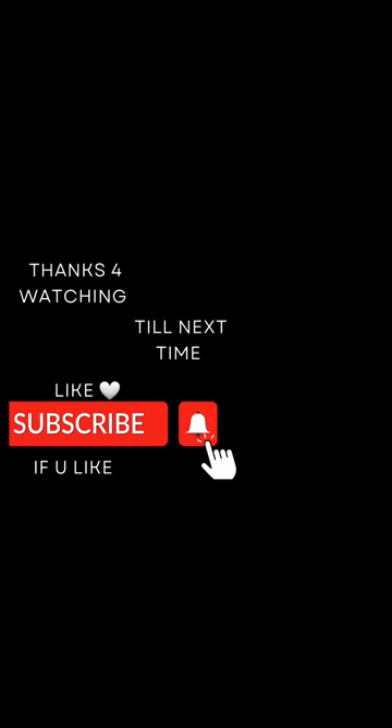Everything went well. Thank you guys for watching — till next time, love you guys.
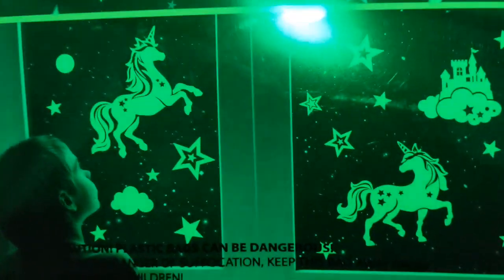Yeah, there we go. Good. What the? Let's see if I can get them glowing here. Alright, that's glowing. You shouldn't be able to see that.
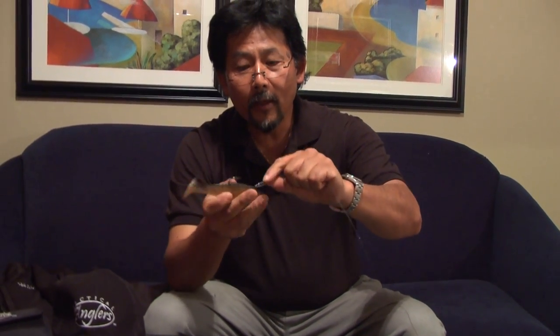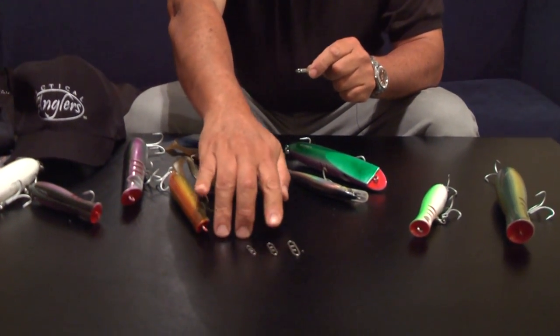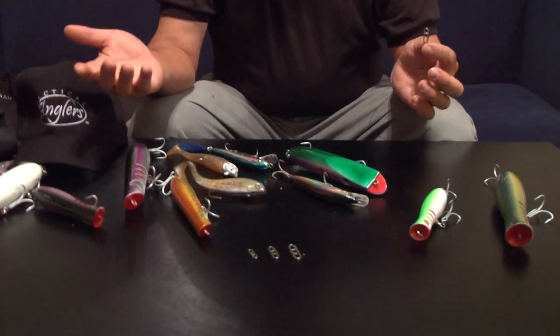You just slide it in the arm, allow it to swim freely. If you need to exchange it or change it, it comes out that easily. We have three different sizes: a size 50, 125, and 175 — and it's that simple.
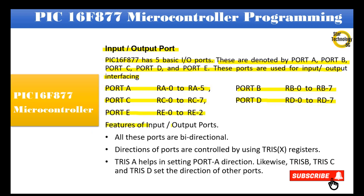All these ports are bidirectional. The direction of ports is controlled by using TRIS registers. TRISA helps in setting Port A direction. Likewise, TRISB, TRISC, and TRISD set the direction of the other ports.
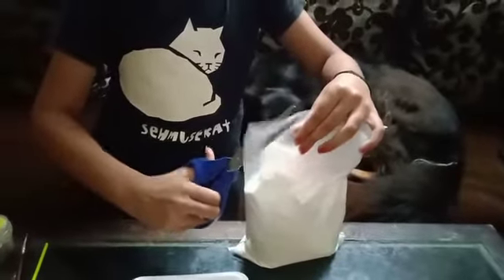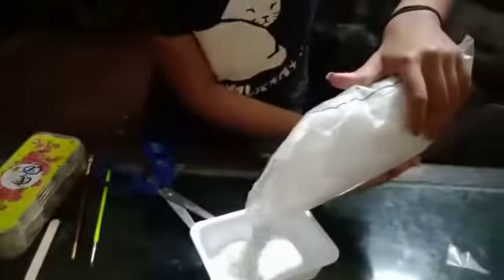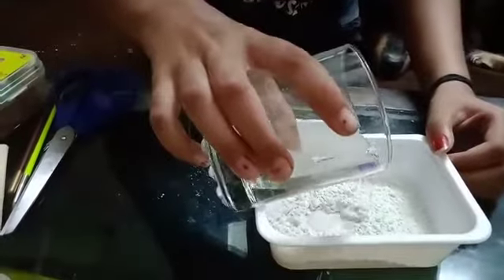First you need plaster of Paris. Now let's add water and stir it.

# DESCRIPTION OF THE TASK
Lines from the one containing "Yeah, there we" through the end of the material above must be reproduced exactly; pictures must not be.

# RESULT OF THE EXERCISE
Yeah, there we go. Good. What the? Let's see if I can get them glowing here. Alright, that's glowing. You shouldn't be able to see that.
You just slide it in the arm, allow it to swim freely. If you need to exchange it or change it, it comes out that easily. We have three different sizes: a size 50, 125, and 175 — and it's that simple.
All these ports are bidirectional. The direction of ports is controlled by using TRIS registers. TRISA helps in setting Port A direction. Likewise, TRISB, TRISC, and TRISD set the direction of the other ports.
First you need plaster of Paris. Now let's add water and stir it.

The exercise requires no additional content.